There are three clean wineglasses in a tray on the table. His serving-maid entering, and announcing “Mr. Jasper is come, sir,” Mr. Sapsea waves “Admit him,” and draws two wineglasses from the rank, as being claimed.
“Glad to see you, sir. I congratulate myself on having the honour of receiving you here for the first time.” Mr. Sapsea does the honours of his house in this wise.
“You are very good. The honour is mine and the self-congratulation is mine.”
“You are pleased to say so, sir. But I do assure you that it is a satisfaction to me to receive you in my humble home. And that is what I would not say to everybody.” Ineffable loftiness on Mr. Sapsea’s part accompanies these words, as leaving the sentence to be understood: “You will not easily believe that your society can be a satisfaction to a man like myself; nevertheless, it is.”
“I have for some time desired to know you, Mr. Sapsea.”
“And I, sir, have long known you by reputation as a man of taste. Let me fill your glass. I will give you, sir,” says Mr. Sapsea, filling his own:
“When the French come over,
May we meet them at Dover!”
This was a patriotic toast in Mr. Sapsea’s infancy, and he is therefore fully convinced of its being appropriate to any subsequent era.
“You can scarcely be ignorant, Mr. Sapsea,” observes Jasper, watching the auctioneer with a smile as the latter stretches out his legs before the fire, “that you know the world.”
“Well, sir,” is the chuckling reply, “I think I know something of it; something of it.”
“Your reputation for that knowledge has always interested and surprised me, and made me wish to know you. For Cloisterham is a little place.

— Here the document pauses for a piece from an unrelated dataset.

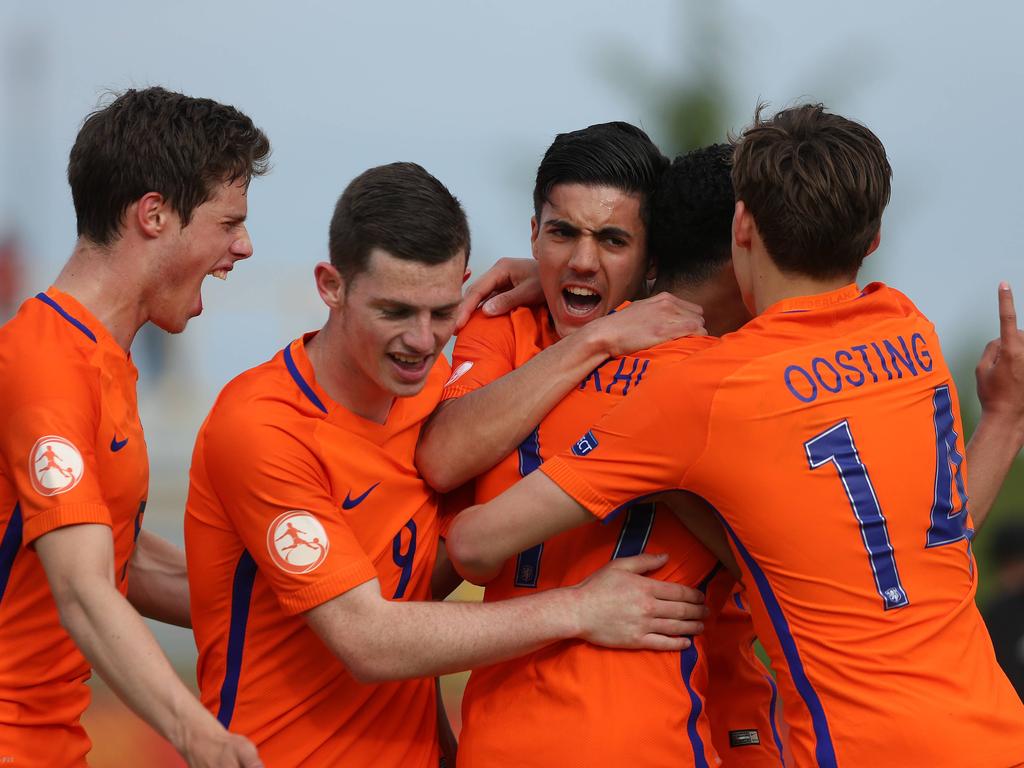 Oranje U17 viert een treffer tijdens het EK-duel Nederland - Noorwegen (07-05-2017).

Cooped up in it myself, I know nothing beyond it, and feel it to be a very little place.”
“If I have not gone to foreign countries, young man,” Mr. Sapsea begins, and then stops:—“You will excuse me calling you young man, Mr. Jasper? You are much my junior.”
“By all means.”
“If I have not gone to foreign countries, young man, foreign countries have come to me. They have come to me in the way of business, and I have improved upon my opportunities. Put it that I take an inventory, or make a catalogue. I see a French clock. I never saw him before, in my life, but I instantly lay my finger on him and say ‘Paris!’ I see some cups and saucers of Chinese make, equally strangers to me personally: I put my finger on them, then and there, and I say ‘Pekin, Nankin, and Canton.’ It is the same with Japan, with Egypt, and with bamboo and sandalwood from the East Indies; I put my finger on them all. I have put my finger on the North Pole before now, and said ‘Spear of Esquimaux make, for half a pint of pale sherry!’”

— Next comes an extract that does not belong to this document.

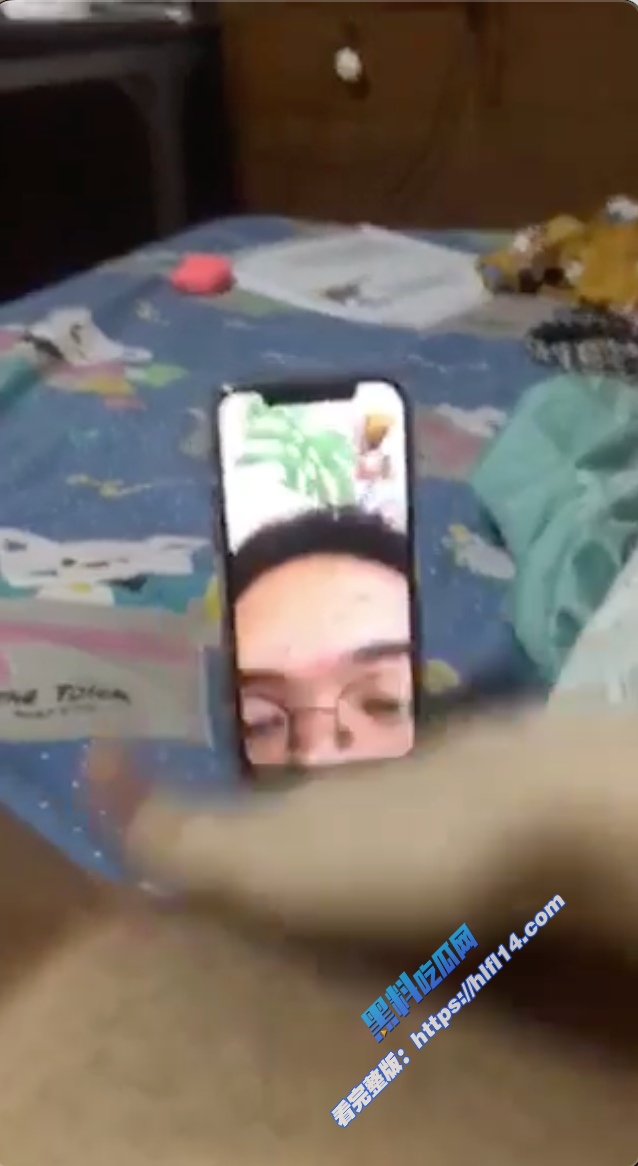 菲律宾的精神小妹和网友裸聊自慰抠逼视频流出！1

“Really? A very remarkable way, Mr. Sapsea, of acquiring a knowledge of men and things.”
“I mention it, sir,” Mr. Sapsea rejoins, with unspeakable complacency, “because, as I say, it don’t do to boast of what you are; but show how you came to be it, and then you prove it.”
“Most interesting. We were to speak of the late Mrs. Sapsea.”

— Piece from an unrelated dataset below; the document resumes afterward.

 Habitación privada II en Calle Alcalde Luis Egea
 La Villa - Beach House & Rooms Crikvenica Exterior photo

“We were, sir.” Mr. Sapsea fills both glasses, and takes the decanter into safe keeping again. “Before I consult your opinion as a man of taste on this little trifle”—holding it up—“which is but a trifle, and still has required some thought, sir, some little fever of the brow, I ought perhaps to describe the character of the late Mrs. Sapsea, now dead three quarters of a year.”
Mr. Jasper, in the act of yawning behind his wineglass, puts down that screen and calls up a look of interest. It is a little impaired in its expressiveness by his having a shut-up gape still to dispose of, with watering eyes.
“Half a dozen years ago, or so,” Mr. Sapsea proceeds, “when I had enlarged my mind up to—I will not say to what it now is, for that might seem to aim at too much, but up to the pitch of wanting another mind to be absorbed in it—I cast my eye about me for a nuptial partner. Because, as I say, it is not good for man to be alone.”
Mr. Jasper appears to commit this original idea to memory.